Sie war aufgestanden und wandte sich zur Tür, als sich diese in dem nämlichen Augenblick öffnete und eln fremder Bedienter in grauer Livree den Kopf hereinsteckte.

»Was wollen Sie, und wer hat Ihnen erlaubt, hier einzutreten?« rief ihm der Graf finster entgegen.

»Bitte tausendmal um Entschuldigung, Herr Rittmeister,« sagte der Bursche, den Blick dabei auf den Fremden geheftet, »ich habe zweimal geklopft und konnte Ihren Karl nirgends draußen finden.«

»Warten Sie dann draußen, bis er kommt oder bis ich Zeit habe,« lautete die eben nicht freundliche Antwort, und der Bursche verschwand mit einer tiefen Verbeugung, wie er gekommen.

Der Rittmeister hielt den Blick auf die Tür geheftet, aber er hörte keinen Schritt. Der Bediente stand jedenfalls noch vor der Tür und horchte. Madame Bertrand hatte aber indessen wieder mit großer Geschicklichkeit, den benachbarten Spiegel benutzend, den kleinen Schnurrbart befestigt. Dann sich gegen den jungen Mann tief verneigend, aber doch wieder mit dem vorigen Spott um die Lippen, sagte sie laut, indes mit weit tieferer als ihrer natürlichen Stimme: »Herr Graf von Geyerstein, ich habe die Ehre, mich Ihnen gehorsamst zu empfehlen.«

»Bleiben Sie noch,« bat der Graf sie leise, »lassen Sie mich erst den Horcher entfernen.« Dabei öffnete er rasch die Tür – der fremde Bediente stand aber nicht, wie er erwartet hatte, davor, sondern war verschwunden, und nur die draußen angelehnte und nicht wieder ins Schloß gedrückte Vorsaaltür zeigte, daß er sich entfernt hatte.

»Die Bahn ist frei,« sagte Georgine mit ihrer natürlichen Stimm«. Sich leicht gegen den Grafen verneigend verließ sie rasch und jede weitere Begleitung zurückweisend, das Zimmer und gleich darauf das Haus, warf sich in eine Droschke und fuhr ihrer eigenen Wohnung zu.

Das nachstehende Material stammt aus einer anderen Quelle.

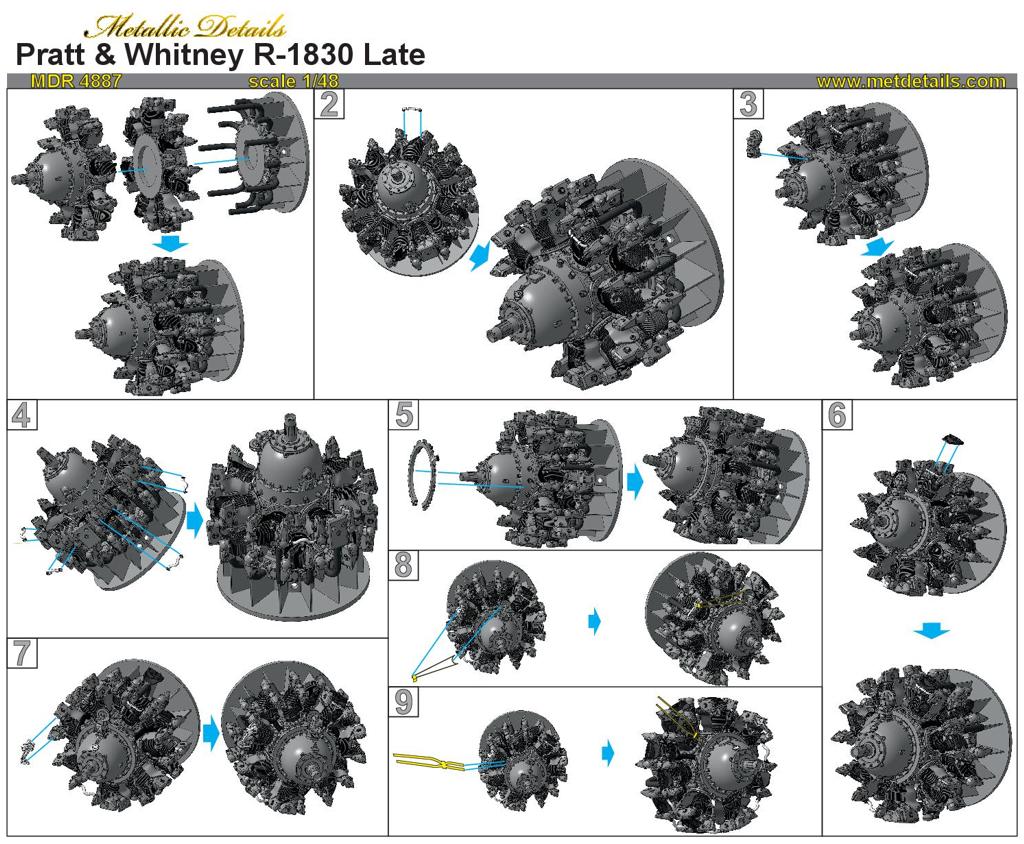 Metallic Details MDMDR4887 1:48 Pratt & Whitney R-1830 Late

Graf von Geyerstein aber schritt mit untergeschlagenen Armen und gesenktem Haupte rasch in seinem Zimmer auf und ab, ungeduldig dann und wann nach der Tür horchend, bis draußen die Vorsaaltür aufs neue geöffnet wurde und Karl gleich darauf im Zimmer seines Herrn erschien.

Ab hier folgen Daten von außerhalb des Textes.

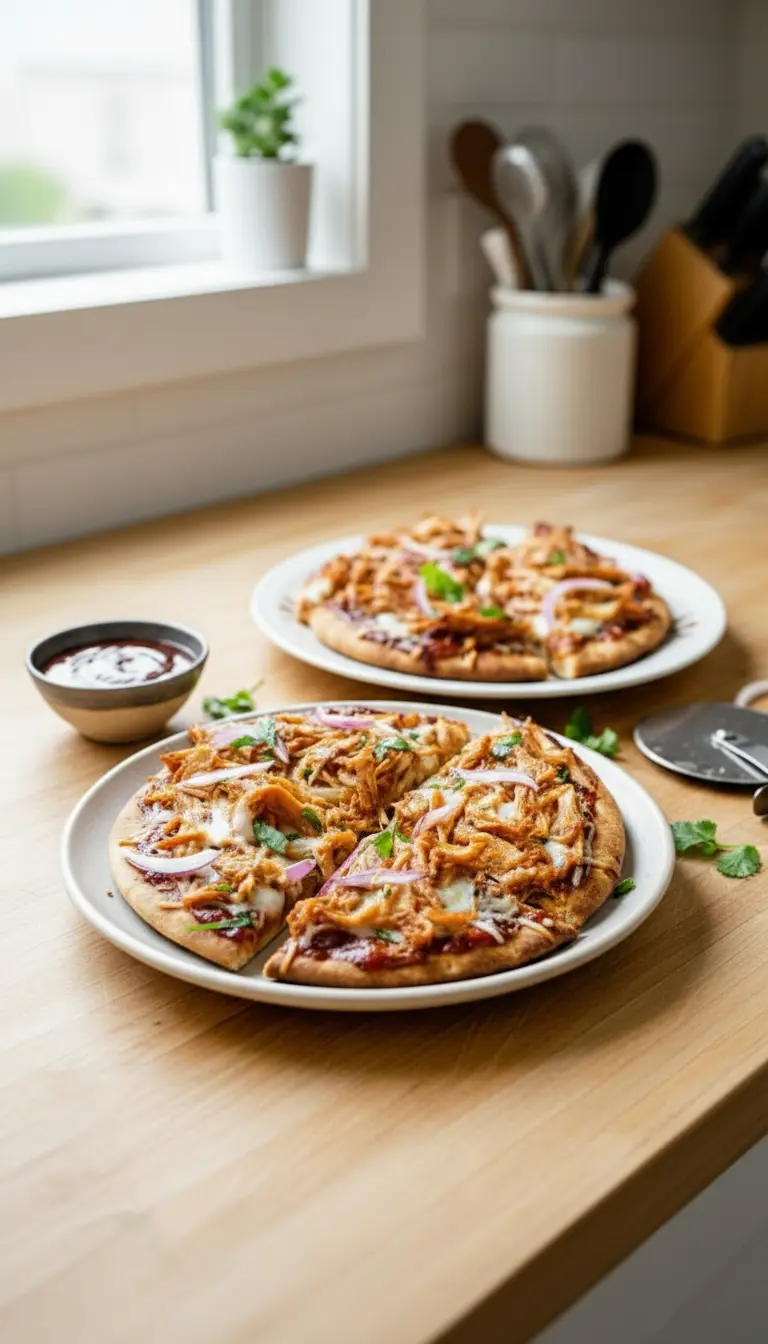 A 3:4 close-up of a single slice of a finished BBQ Chicken Pita Pizza, lifted slightly to show the gooey melted cheese and crispy pita crust. The pizza is on a minimalist white plate, with the rustic baking sheet holding the remaining pizzas in the background, slightly out of focus. Shredded BBQ chicken, melted mozzarella, red onion, and fresh cilantro are clearly visible. Natural morning light, soft shadows, marble countertop, and fresh herbs in the background. Warm tones, clean and tidy presentation.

»Herr Rittmeister,« berichtete er hier in militärischer, das heißt sehr steifer Haltung, »ein Bedienter Seiner Exzellenz des Herrn Kriegsministers von Ralphen wünscht . . .«

»Wo bist du die Zeit über gewesen?« unterbrach ihn sein Herr.

»Im Stalle unten, zu Befehl, Herr Rittmeister.«

»Laß den Burschen hereinkommen.«

Karl machte rechtsum kehrt, und gleich darauf erschien die graue Livree wieder auf der Schwelle.

»Herr Graf,« sagte der Diener mit einer tiefen Verbeugung, »Seine Exzellenz lassen mit besten Empfehlungen morgen abend um acht Uhr um die Ehre bitten.«

Der Rittmeister antwortete ihm nicht; er sah den Burschen, dessen Erröten ihm nicht entgehen konnte, forschend an und dann schweigend vor sich nieder. Endlich sagte er kalt: »Es ist gut – meine Empfehlung an Seine Exzellenz; ich werde zur bestimmten Zeit erscheinen.«

»Wer war denn der junge Herr, der vorhin bei deinem Herrn Besuch gemacht hat?« sagte der mit der grauen Livree, als er neben Karl über den Vorsaal der Treppe zuschritt.

»Weiß ich nicht,« antwortete, ziemlich kurz angebunden, Karl, »geht mich auch nichts an.«

»Der kommt wohl oft hierher?« fragte der Graue, dadurch nicht im mindesten eingeschüchtert.

»Das weiß ich auch nicht und geht dich wieder nichts an,« meinte aber Karl, »guten Morgen!« und öffnete dem Grauen die Tür.

»Grobian!« murmelte dieser, als er langsam die Treppe hinunterstieg, um die übrigen Einladungen auszuführen.